Many years ago I had an idea for a series. Posit: a network of human-settled worlds, linked by wormholes, throughout the galaxy. For two worlds to be joined, a wormhole terminus has to be towed there at slower-than-light speeds in a starship, its crew (naturally) in suspended animation for a voyage that takes decades. Each terminus can only link to one other, at the starship’s last port of call. This has been happening for centuries, and human civilisation is now an interwoven web of many worlds and cultures. The frontier of the Expansion is all the worlds that so far have been settled through a wormhole, but have yet to send a starship on to the next world.

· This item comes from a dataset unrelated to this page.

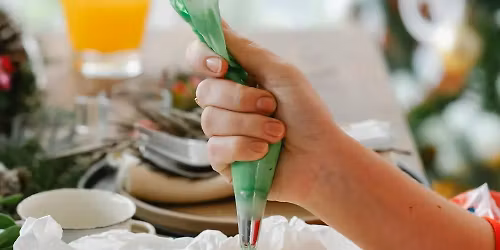 \ud83c\udf69\ud83c\udfa8 Decorate Your Own Doughnut Day & Play \ud83c\udfa8\ud83c\udf69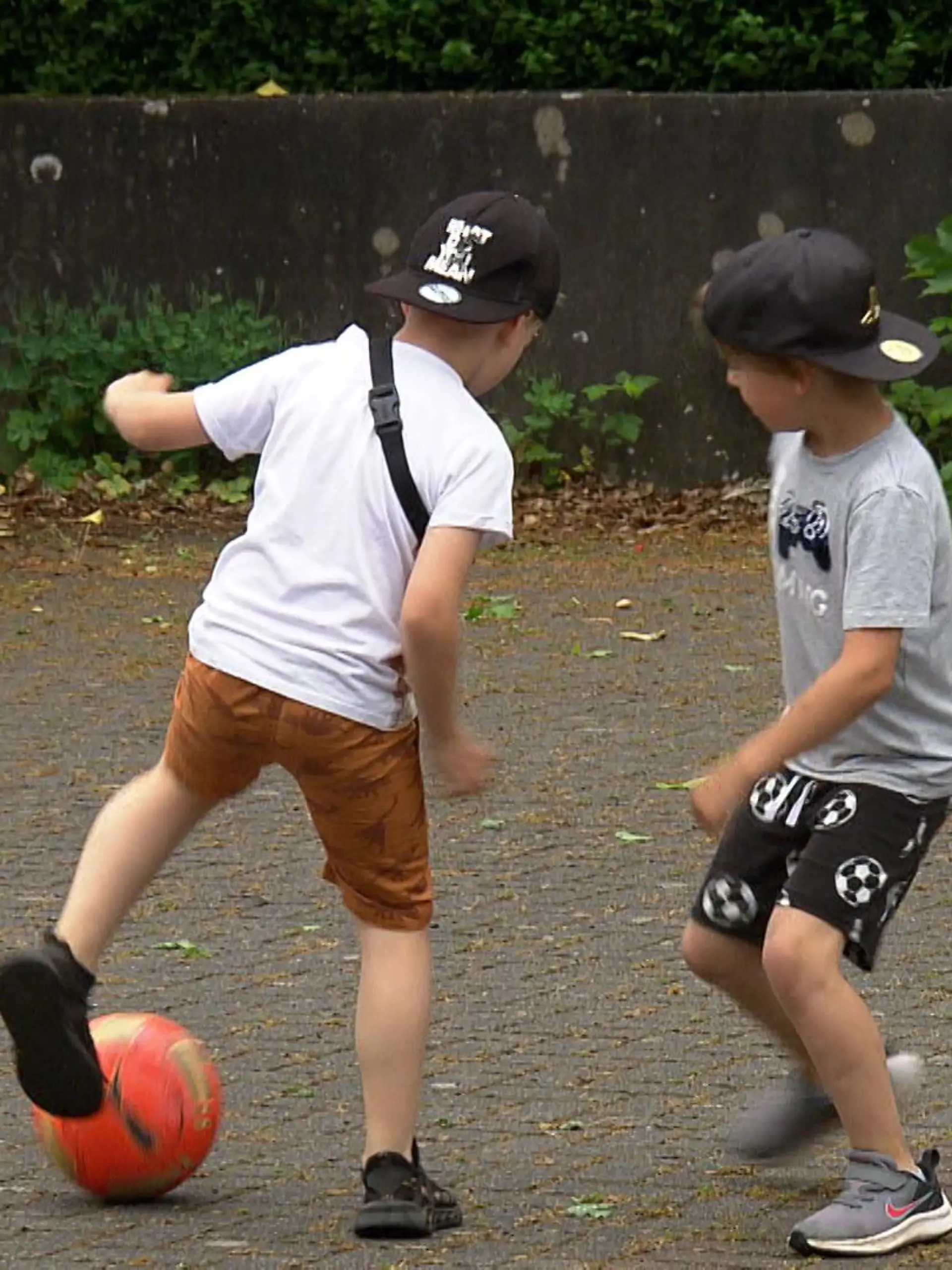 Bild zu: "Kinder retten Rentner"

Then one day the network goes phut …
Rather, from the point of view of our heroes on a world at the end of one of the lines, their link to the last but one world goes phut. Maybe the whole network shut down, maybe it didn’t – they have no way of knowing (not for years and years, anyway) when they are forced again to rely on lightspeed communication. All they know is that their world is heavily dependent on supplies that come through the wormhole for terraforming, and will become uninhabitable within decades, so the only answer is to get into their ship for the slower-than-light journey back to the last world that will help them re-establish the link.
That would be Book 1.
Book 2, of course, they go on to the next world down the line, and the one after that, and … you get the picture. And other starships will be doing the same thing so sooner or later their paths will cross.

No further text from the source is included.